Purbaya berjanji akan lebih berhati-hati dalam menyampaikan pernyataan di ruang publik. Ia menyadari bahwa posisinya sebagai Menteri Keuangan membuat segala tindak-tanduknya mendapat sorotan dari media maupun masyarakat. Hal itu berbeda dengan jabatan sebelumnya sebagai Ketua Dewan Komisioner Lembaga Penjamin Simpanan (LPS) yang relatif jarang disorot publik.
“Saya masih pejabat baru di sini, menterinya juga menteri kagetan. Jadi kalau ngomong, kalau kata Bu Sri Mulyani, gayanya koboy. Waktu di LPS sih enggak ada yang monitor, jadi saya tenang. Ternyata di Kemenkeu beda, salah ngomong langsung dipelintir sana-sini,” jelasnya.

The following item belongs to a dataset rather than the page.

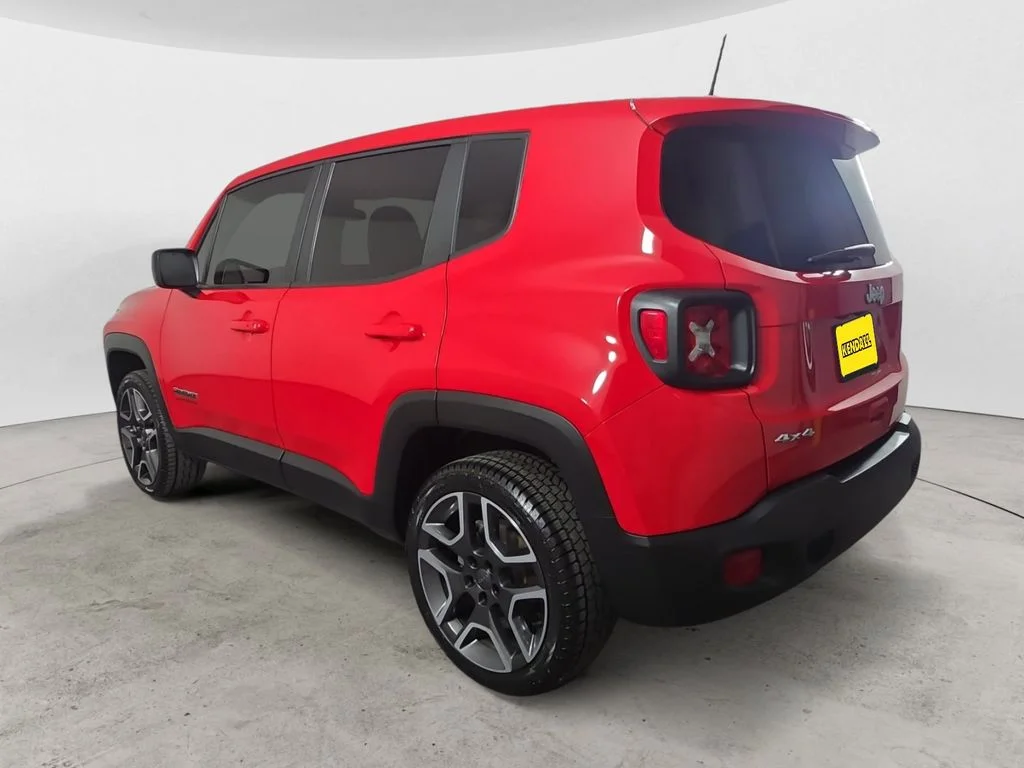 Used 2020 Red Jeep Sport image 3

Ke depan, Purbaya menegaskan komitmennya untuk menjadi Menteri Keuangan yang baik. Ia bahkan menyatakan siap meminta masukan dari pendahulunya, Sri Mulyani Indrawati, demi memperkuat kebijakan fiskal dalam menjaga stabilitas ekonomi serta mendorong kesejahteraan masyarakat.
“Jadi ke depan tolong beri saya waktu untuk bekerja dengan baik. Nanti kalau sudah berapa bulan baru Anda kritik habis-habisan,” katanya.
Sebelumnya, pernyataan Purbaya mengenai 17+8 Tuntutan Rakyat yang muncul dalam aksi demonstrasi akhir Agustus 2025 menuai protes. Saat konferensi pers di Jakarta, Senin (8/9/2025), ia menyebut aspirasi tersebut hanya berasal dari sebagian kecil masyarakat yang merasa belum puas dengan kondisi ekonomi.
“Itu kan suara sebagian kecil rakyat kita. Kenapa? Mungkin sebagian ngerasa keganggu, hidupnya masih kurang,” ucapnya.
Meski demikian, Purbaya optimistis gelombang protes masyarakat akan mereda seiring perbaikan ekonomi nasional. Ia menilai, dengan tercapainya pertumbuhan ekonomi yang lebih tinggi, masyarakat akan lebih fokus pada peningkatan kesejahteraan dibandingkan turun ke jalan untuk berdemo.
“Once saya ciptakan pertumbuhan ekonomi 6 persen, 7 persen, itu akan hilang dengan otomatis. Mereka akan sibuk cari kerja dan makan enak dibandingkan mendemo,” ujarnya.